Your support will help our mission to DROWNPROOF RICHMOND!
SwimRVA is proud to be a part of the Learn To Swim programs which give local 2nd graders free swim lessons. This unique program is a game changer to end needless drowning deaths and a huge leap in building a more physically active community. Together we can change our children's future for generations to come! You are making Richmond a safer and healthier community! Thank you very much for your support.
The Learn To Swim program was started back in the mid-90's by the YMCA. The goal was to make sure that every child has the opportunity to learn a skill that can save their life more ways than one. You are helping to provide these children with the ability to stay safe in the water, as well as, a tool to be active and healthy for their entire life. Throughout the last couple decades they have successfully implemented 32 schools in the city of Richmond with the program. When SwimRVA was being developed several years ago one of the main goals of the facility was to promote water safety. We have since started the same program and this year we successfully gave all 2nd graders in 12 different schools FREE swim lessons! The swim lessons are once a week for 7 weeks, 45 minutes long, during the school day and everything is paid for by you. The ultimate goal by 2020 is to have all 120 elementary schools in the Greater Richmond Region participating in the program.
1. 50% of the entire population in your River City(RVA) does not know how to swim!
Do you really need another statistic?
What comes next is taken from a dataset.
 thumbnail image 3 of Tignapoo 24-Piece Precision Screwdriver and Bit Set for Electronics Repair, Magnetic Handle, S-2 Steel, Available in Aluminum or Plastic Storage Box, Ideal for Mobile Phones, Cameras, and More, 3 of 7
Well...we have a few more anyways:
2. Drowning is the number one leading cause of unintentional injury-related deaths ages 1-4, number 2 leading cause of unintentional injury-related deaths ages 14 and under, and number 5 leading cause of unintentional injury-related deaths for all ages.
3. It is estimated that for each drowning death, there are 1-4 nonfatal submersions that result in hospitalization.
4. Of all preschoolers who drown, 70 percent of them are in the care of one or both parents at the time of drowning.